Dritte Welt im Schaubild, Evangelisches Missionswerk in Südwestdeutschland. ARCH288490, Collection Georg Lippsmeier, CCA.

« Développement, je t’apporte ce dont tu as besoin! » Conservée dans les « diapositives de référence » du fonds Georg Lippsmeier et Institut für Tropenbau au CCA, cette image montre un personnage anonyme, fort probablement un expert allemand, proposant des technologies basées sur le carbone aux populations des nouveaux États d’Afrique. Usines, centrales électriques, avions, voitures et bateaux – tous estampillés « Produits allemands » – donnent une idée du rôle joué par l’importation de technologies à base de combustibles fossiles dans le développement des régions en émergence.

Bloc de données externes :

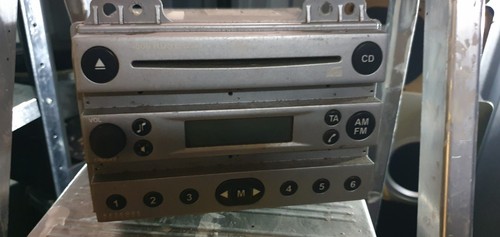 Ford radio 4500 rds eon - cd,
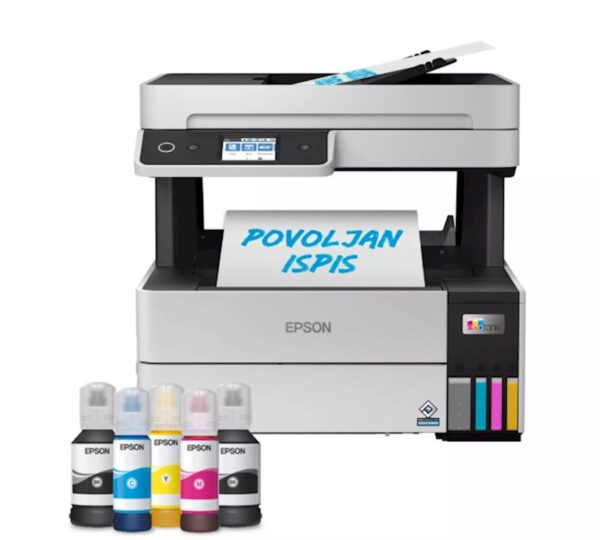 MFP EPSON Ecotank L6460 MFP EPSON Ecotank L6460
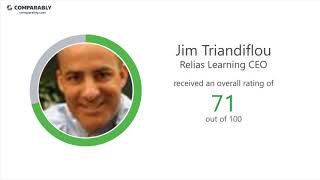 Relias Learning Employee Reviews  Q3 2018 [upl. by Zippel]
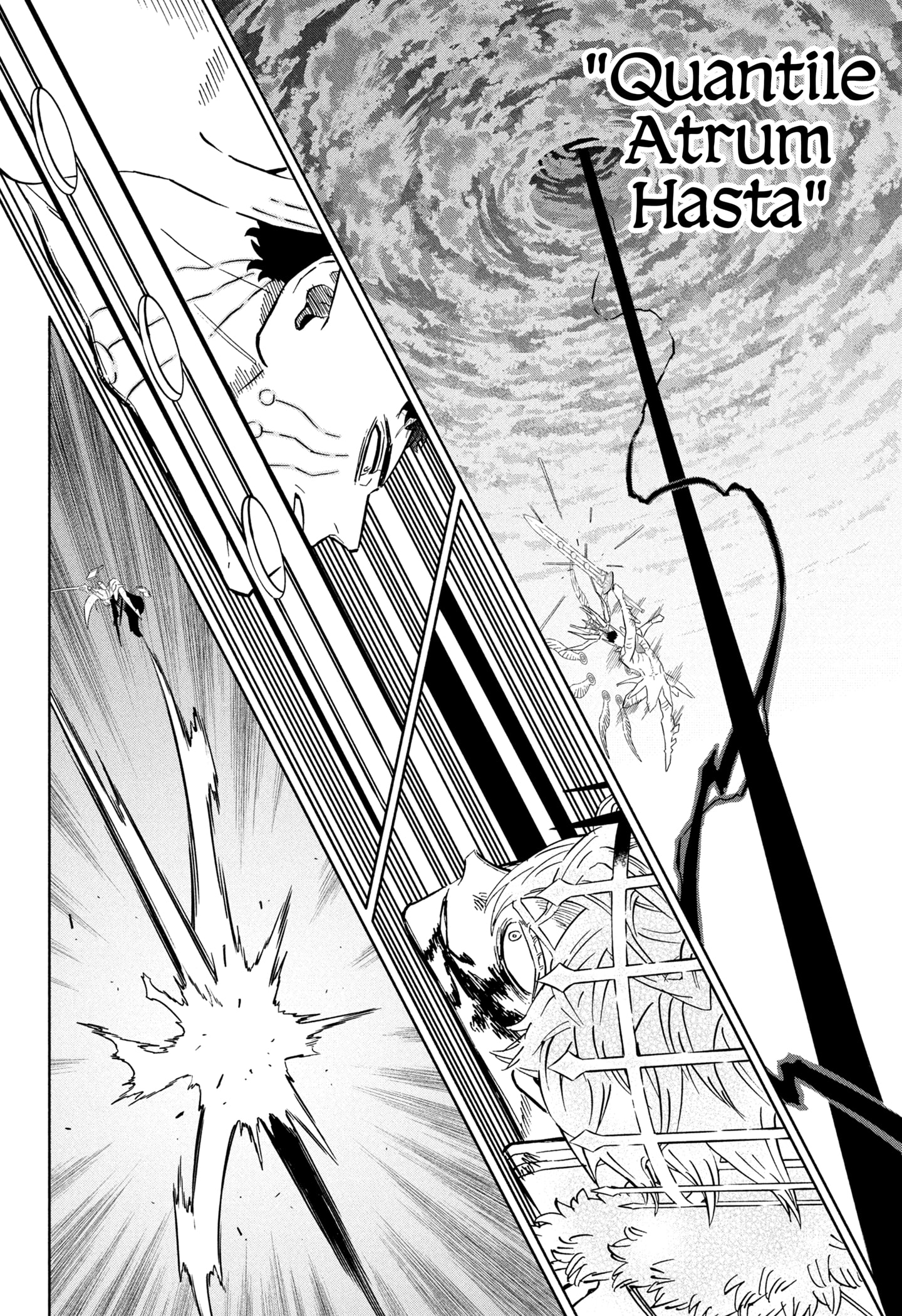 Read Black Clover Bahasa Indonesia ID Manga Online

Ces technologies de progrès industriel vont bouleverser à tout jamais les environnements naturel et bâti des pays en développement partout sur la planète.

Couverture de Overseas Building Notes, No. 147 (décembre 1972). W.O8262, CCA.

Overseas Building Notes (anciennement Colonial Building Notes), publié par le Building Research Establishment au R.-U., est une revue destinée à guider les architectes, urbanistes, ingénieurs et bâtisseurs dont la pratique s’exerce surtout à l’extérieur des régions « développées ». Sur la couverture d’un numéro de 1974, « Building for Comfort », les rédacteurs plaident pour la mise en œuvre de stratégies locales, décarbonées pour la construction sous « climats chauds », par exemple l’emploi de teintes naturelles, de toits en chaume ou de briques de terre. Dans la revue elle-même, néanmoins, on conseille de prioriser le recours à la « technologie moderne » lorsque possible. Ce contraste entre les deux approches de la conception pour le confort montre tout le poids des technologies fossiles dans la production architecturale, alors que leurs alternatives sont souvent idéalisées comme des outils intemporels, quoique plus rudimentaires.

Alors que les politiques et stratégies de développement font la part belle au transfert de technologies au carbone, les publications architecturales présentent rarement des formes architecturales réalisées sans celles-ci. Dans les rares exemples qui évoquent les technologies décarbonées pour la construction, ces projets sont décrits dans un langage ambigu et indéfini, comme « Le bâtisseur sous climats chauds ». En d’autres termes, la priorisation des techniques fossiles sur les non-fossiles produit des hiérarchies de savoir et d’expertise distinctes dans le discours architectural.

Les pratiques contemporaines de développement reposent sur une ingénierie à forte intensité carbone pour apporter des altérations extrêmes au territoire, entraînant ainsi une grande consommation de ressources et des niveaux d’émissions élevés. Dans ce contexte, le carbone est présent dans des matériaux produits et utilisés universellement (pétrole brut, plastique, fibre de verre, etc.) et comme empreinte écologique des processus de construction (transport, excavation, transformation). Sous la rubrique toujours bien fournie du développement mondial, les pratiques conceptuelles qui font un usage massif de cet élément mettent en relief un décalage fondamental entre les agendas mondiaux et les intérêts locaux. Ces méthodes ont contribué aux transformations spatiales et physiques de la Terre et ont perpétué une perception homogénéisée de l’environnement et de notre action face aux problématiques géographiques et climatiques. Elles ont fragilisé des savoir-faire locaux bien ancrés pour imposer des solutions standardisées, manufacturées, lesquelles, à leur tour, alimentent une extraction et une consommation sans fin.